**PROBLEM TO WORK ON:** Below is some data. Retype exactly the lines starting at the one with "Mienfoo — Stellar" and ending at the one with "via Hibichann".

**Items listed in a dataset:**
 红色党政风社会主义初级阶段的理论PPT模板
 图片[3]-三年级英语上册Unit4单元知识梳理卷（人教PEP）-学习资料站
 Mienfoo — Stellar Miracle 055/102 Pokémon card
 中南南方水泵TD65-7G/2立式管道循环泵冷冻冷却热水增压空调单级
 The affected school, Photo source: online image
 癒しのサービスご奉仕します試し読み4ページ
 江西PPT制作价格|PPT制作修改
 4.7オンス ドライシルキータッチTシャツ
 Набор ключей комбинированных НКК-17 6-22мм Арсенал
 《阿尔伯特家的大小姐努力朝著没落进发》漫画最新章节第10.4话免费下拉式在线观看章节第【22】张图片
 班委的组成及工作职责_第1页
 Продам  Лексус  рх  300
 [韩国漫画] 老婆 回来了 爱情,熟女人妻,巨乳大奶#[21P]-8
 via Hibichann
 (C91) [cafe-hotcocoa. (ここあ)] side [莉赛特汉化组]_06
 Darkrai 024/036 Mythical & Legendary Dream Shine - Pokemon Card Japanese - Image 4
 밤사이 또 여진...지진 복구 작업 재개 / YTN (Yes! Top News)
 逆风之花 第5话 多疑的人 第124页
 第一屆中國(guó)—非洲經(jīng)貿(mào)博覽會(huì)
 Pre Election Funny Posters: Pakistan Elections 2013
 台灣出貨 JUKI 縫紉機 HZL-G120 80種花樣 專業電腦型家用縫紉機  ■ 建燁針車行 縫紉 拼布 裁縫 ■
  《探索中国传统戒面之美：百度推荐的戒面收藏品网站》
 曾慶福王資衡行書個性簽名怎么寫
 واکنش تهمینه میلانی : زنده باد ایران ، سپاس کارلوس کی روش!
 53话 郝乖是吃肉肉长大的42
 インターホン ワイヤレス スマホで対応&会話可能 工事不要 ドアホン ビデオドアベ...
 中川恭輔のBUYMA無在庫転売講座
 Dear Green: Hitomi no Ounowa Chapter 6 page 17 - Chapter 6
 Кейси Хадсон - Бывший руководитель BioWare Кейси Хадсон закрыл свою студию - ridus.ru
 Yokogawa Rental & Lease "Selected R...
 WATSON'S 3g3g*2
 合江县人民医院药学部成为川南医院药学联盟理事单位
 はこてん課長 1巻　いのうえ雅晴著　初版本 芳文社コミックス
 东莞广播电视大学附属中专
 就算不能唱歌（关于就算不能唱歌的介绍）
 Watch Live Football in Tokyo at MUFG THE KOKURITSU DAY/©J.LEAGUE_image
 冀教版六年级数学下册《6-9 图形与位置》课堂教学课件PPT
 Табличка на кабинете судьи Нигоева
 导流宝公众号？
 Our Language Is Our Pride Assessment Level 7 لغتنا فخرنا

**EXPECTED OUTPUT:**
 Mienfoo — Stellar Miracle 055/102 Pokémon card
 中南南方水泵TD65-7G/2立式管道循环泵冷冻冷却热水增压空调单级
 The affected school, Photo source: online image
 癒しのサービスご奉仕します試し読み4ページ
 江西PPT制作价格|PPT制作修改
 4.7オンス ドライシルキータッチTシャツ
 Набор ключей комбинированных НКК-17 6-22мм Арсенал
 《阿尔伯特家的大小姐努力朝著没落进发》漫画最新章节第10.4话免费下拉式在线观看章节第【22】张图片
 班委的组成及工作职责_第1页
 Продам  Лексус  рх  300
 [韩国漫画] 老婆 回来了 爱情,熟女人妻,巨乳大奶#[21P]-8
 via Hibichann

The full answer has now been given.